Apart from the syntax problems pointed by @Rptx, there's one killer bug in your code: you can't have one-armed ifs in Racket (meaning: they must have a consequent and an alternative). You can either nest them, or better yet: use cond, which is perfect for testing multiple conditions. This should work:

(define (check)
  (let ((runner (randint -5 10)))
    (cond ((and (< runner 1) (> runner -3))
           "yes")
          ((and (< runner -2) (> runner -6))
           "no")
          ((> runner 0)
           runner))))

Use it like this:

(display (check))

Regarding the issue with randint: Now that you have posted the code I can confirm that the problem was in the way that you were passing the parameters. As shown above, this is the correct way:

(randint -5 10)

Answer 2

It really hurts my eyes to see 3 expressions in a implicit begin with each their own if without alternative.
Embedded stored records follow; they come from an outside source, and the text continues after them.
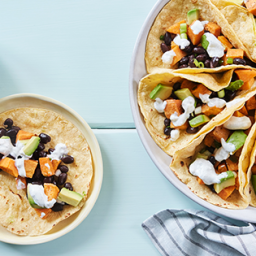 Sweet Potato and Black Bean Tacos with Blue Cheese Crema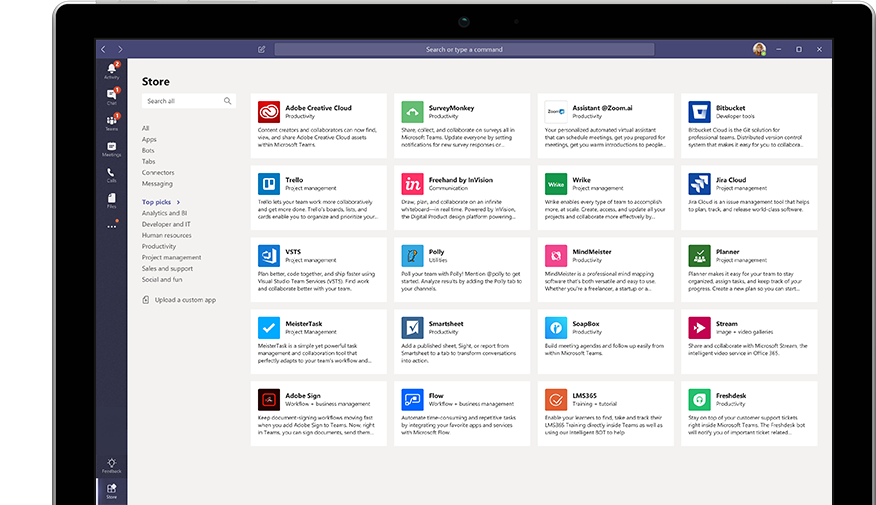Microsoft Teams Software - A range of apps can be integrated with Microsoft Teams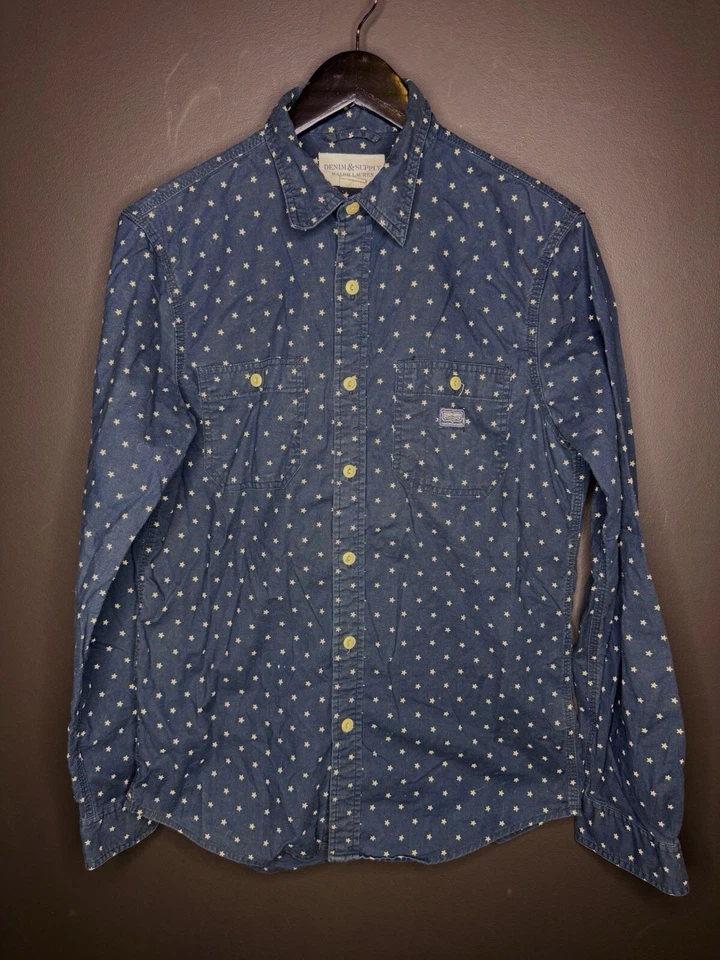 Camisa Ralph Lauren Mediana RRL Polo Occidental Azul Índigo EE. UU. Estrella Lunares Vaquero Foto 4 de 4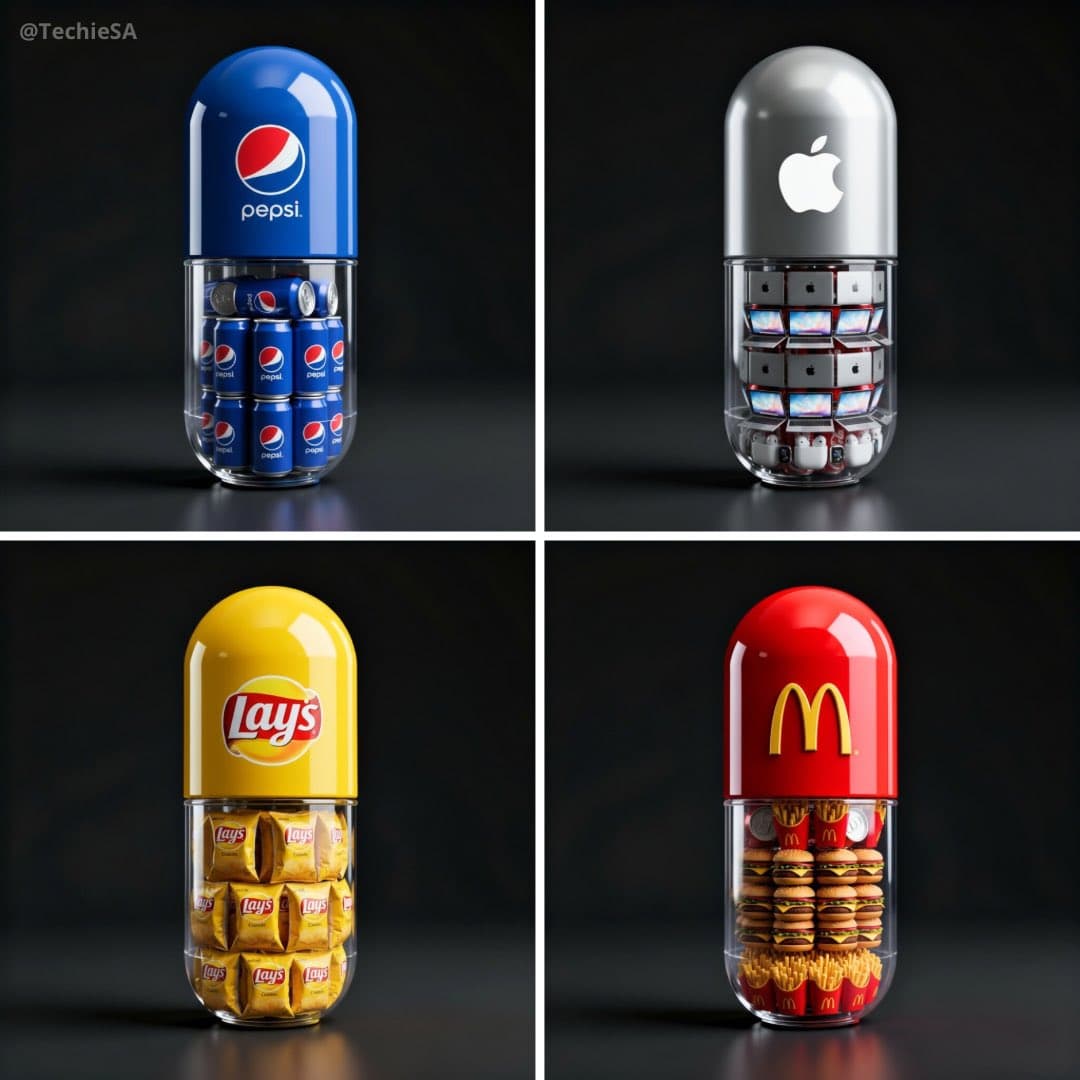 تصيير Branding ثلاثي الأبعاد لحاوية كبيرة على شكل كبسولة — Generated result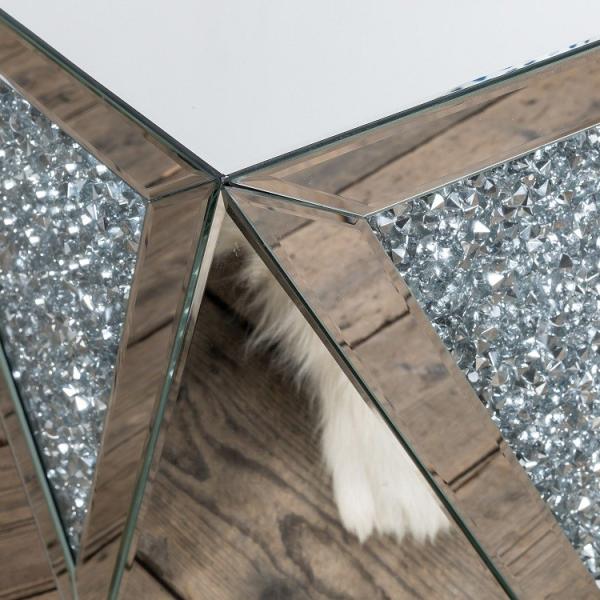 Unique Small Square Crushed Diamonds Side Table for Living Room
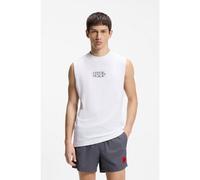 HUGO Canotta in jersey di cotone con logo stampato - Style RAY BEACH_TANK_LOOSE, 50555581 Bianco S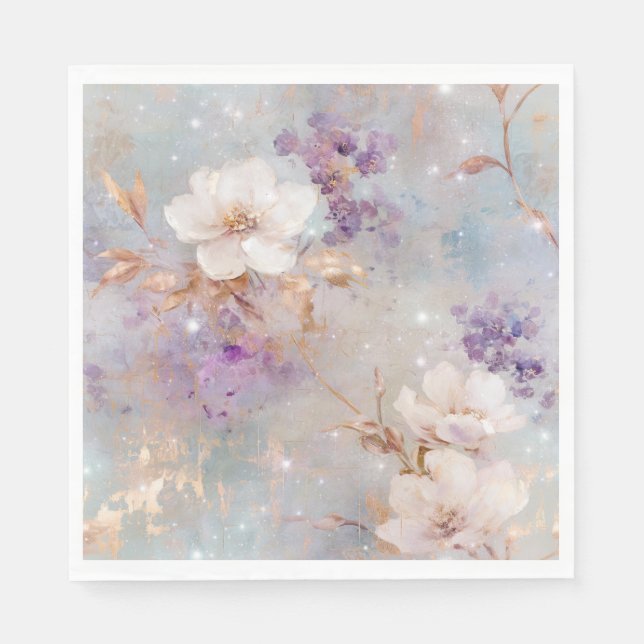 Lila Goldblume Serviette (Vorderseite)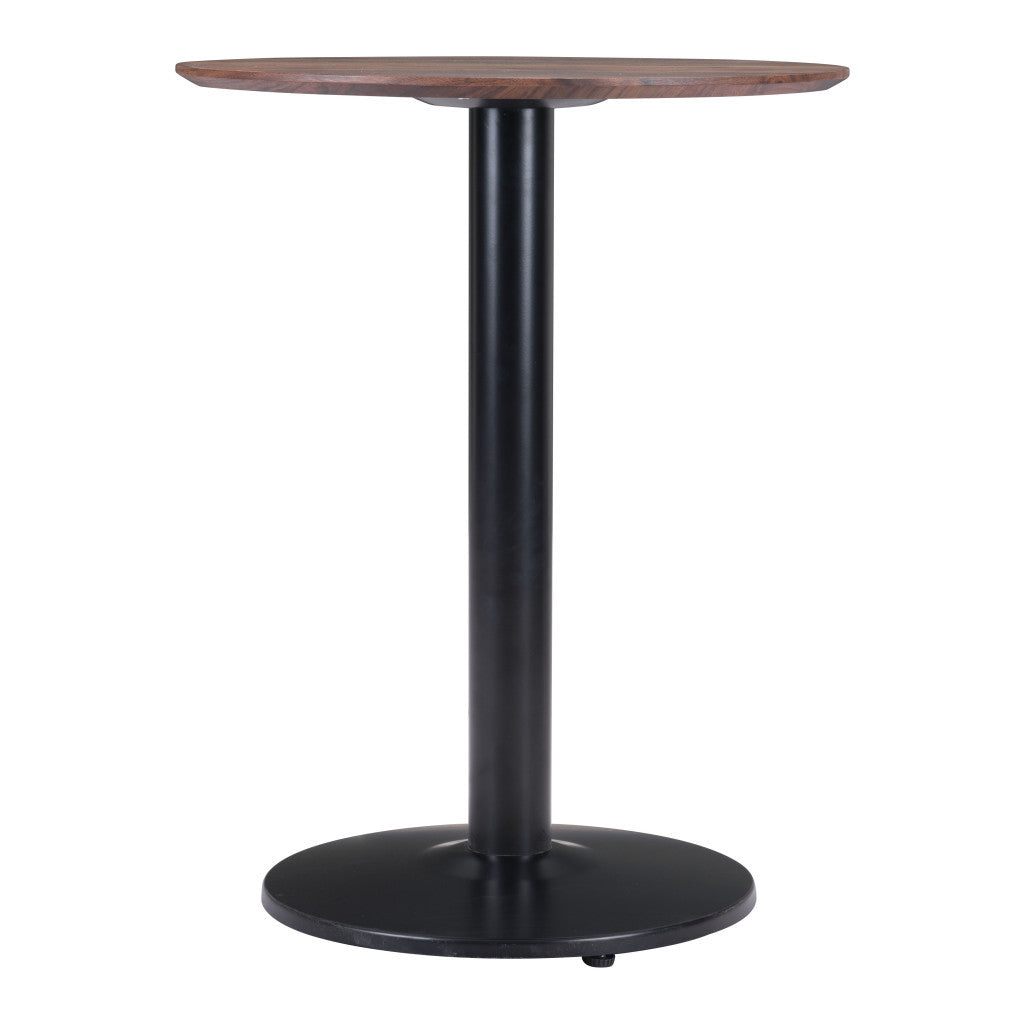 24" Black And Brown Round End Table-1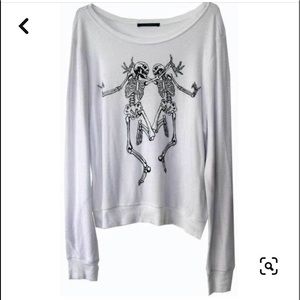 NWOT Wildfox Dancing Skeletons BBJ in Small S White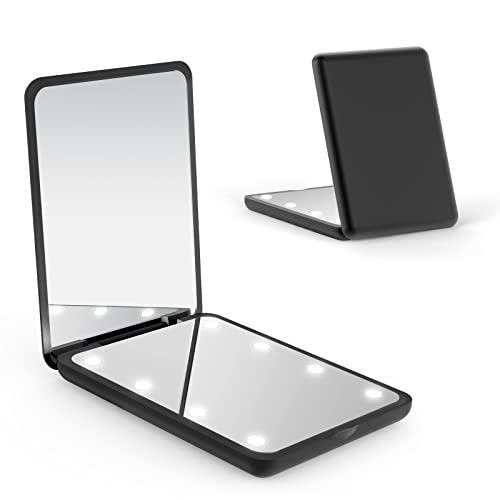 wobsion Pocket Mirror with LED Light and Magnification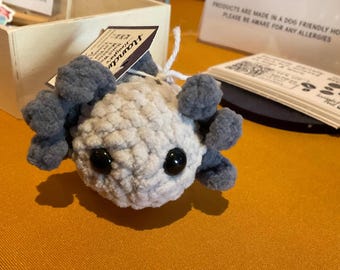Small Desk Buddy Axolotl | Handmade Crochet Critter | Polyester yarn plush | Amigurumi | Gifts for Her | Kawaii | Animal Lover gift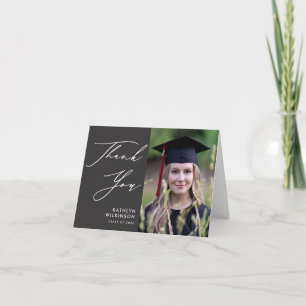 Elegant Script on Grey Minimalist Photo Graduation Thank You Card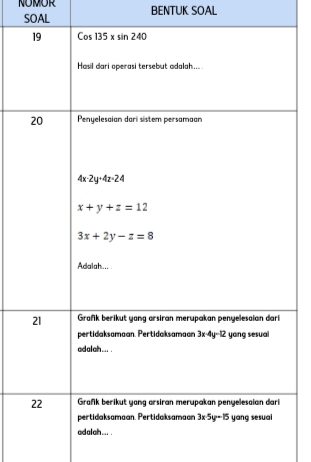 NOMOR BENTUK SOAL
SOAL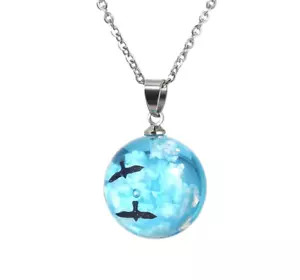 Blue Cloudy Sky Sphere Pendant Necklace Dream Designer necklace - Picture 1 of 6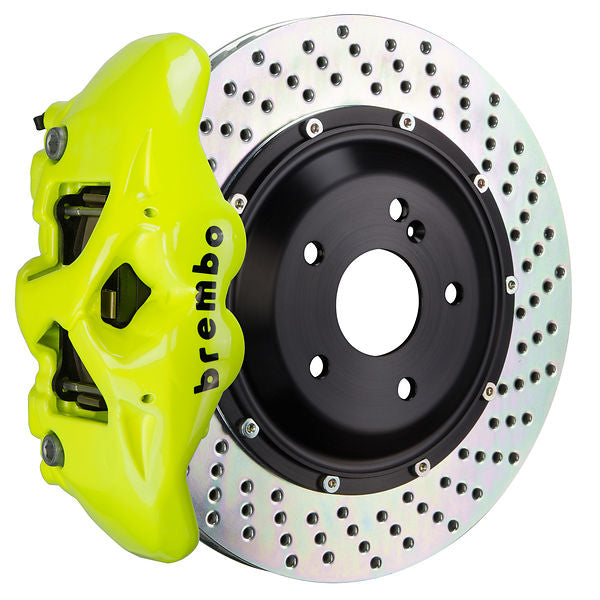 Brembo GT Big Brake Kit Front 4-Piston 345x28 - Honda Civic Si Coupe FC3 FC1 17-20 - GT Fluoro Yellow Drilled - Revzone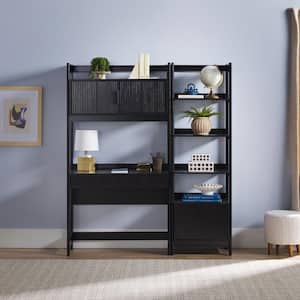 2-Piece Transitional Black Reeded 38 in. Hutch Desk with Narrow Modern Bookcase
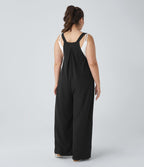 Salopette Casual Grande Taille en Gaufré avec Bretelles Ajustables Boutons et Poches Multiples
Here is a version using cond (only because it's 2 terms and an alternative) Also notice that it's enough with one < with the bounds on each side of your variable rather than splitting it up in two with a logical and between.

(define (check)
  (let ((runner -1))
    (cond ((< -3 runner 1)  "yes")
          ((< -6 runner -2) "no")
          (else "runner"))))

(display (check)) ; ==> void, displays the result of check

Answer 3

There are several mistakes in your code.

1. You are missing parens around check. You are currently defining check as a variable, not as a procedure.
2. You are missing a procedure to print.
3. Print and return are not the same thing. The procedure will return what the last statement of the body of let returns. In your case, it will return 'runner if (> runner 0) is true, or false otherwise.
4. If you don't post the error you get when you use randint We can't know what is wrong.

Here is a working version of your procedure:

(define (check)
  (let ((runner -1))
    (if (and (< runner 1) (> runner -3)) (display "yes"))
    (if (and (< runner -2) (> runner -6)) (display "no"))
    (if (> runner 0) (car '(runner)))))